Under the Terms & Conditions of the Direct Aid Schemes, which includes the Single Payment Scheme and the Disadvantaged Areas Scheme, farmers are obliged to declare only eligible land when making their applications, ensuring they exclude ineligible features such as roads, buildings, farmyards, dense scrub, etc. These claims are then recorded on my Department’s Land Parcel Identification System (LPIS). Given the importance of the LPIS database and the inspection system in underpinning direct aid payments worth in excess of €1.5 billion annually, my Department is obliged under EU Regulations to ensure their accuracy.

Following consultation with the EU Commission, as part of the normal Accounting process, my Department was requested to undertake a complete review of the LPIS database. This Review involved in excess of 900,000 individual land parcels declared by some 132,000 applicants and resulted in the necessity to adjust parcels of a significant number of applicants, where it was established that ineligible features had been included. To date, this Review has resulted in just over €10 million of SPS payments being withheld from approximately 33,000 farmers and a further €2.3 million in Disadvantaged Area payments in 2013. Issues have been identified for some 3,578 Cork farmers, the monetary value being some €2 million.

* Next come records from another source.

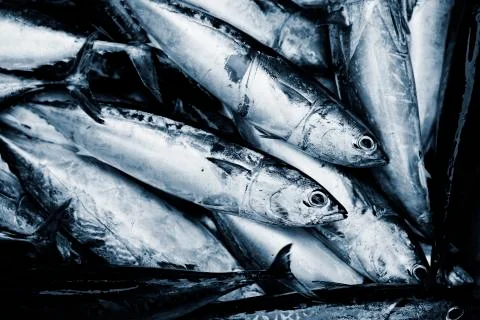 Tuna fish 스톡 사진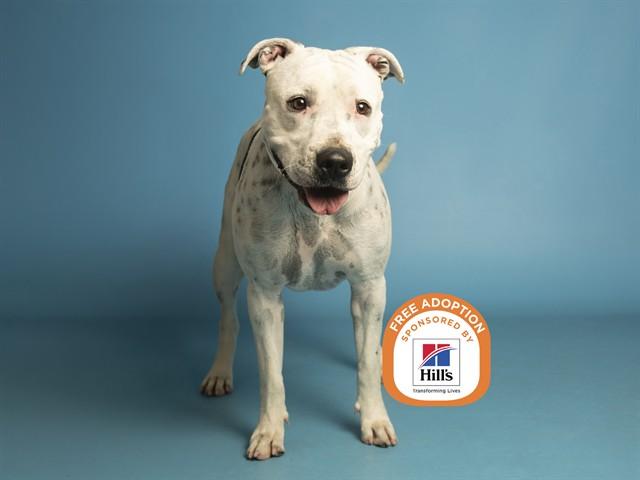 DOMINO, Adoptable, Young Female Pit Bull Terrier.
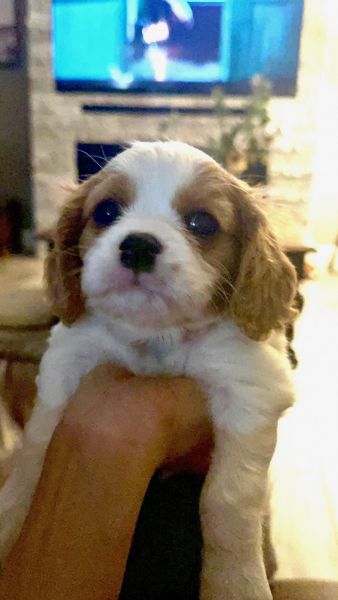 F1 Cavapoo Puppies – Home-Raised, Vet Certified, Vaccinated – Ready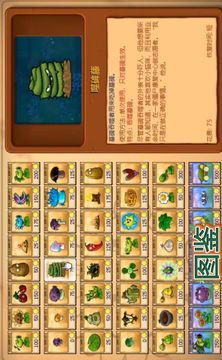 植物大战僵尸：原始时代游戏截图4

A comprehensive review and appeals process has been implemented to ensure that the cases of individual farmers affected by the LPIS Review are fully scrutinised. In the first instance, a farmer, who finds himself or herself in this position, can seek a review of the original decision by Department officials. If they are not happy with the outcome of the review, they can submit an appeal to the independently-chaired LPIS Appeals Committee. Thereafter, they are entitled to pursue their case with the Office of the Ombudsman.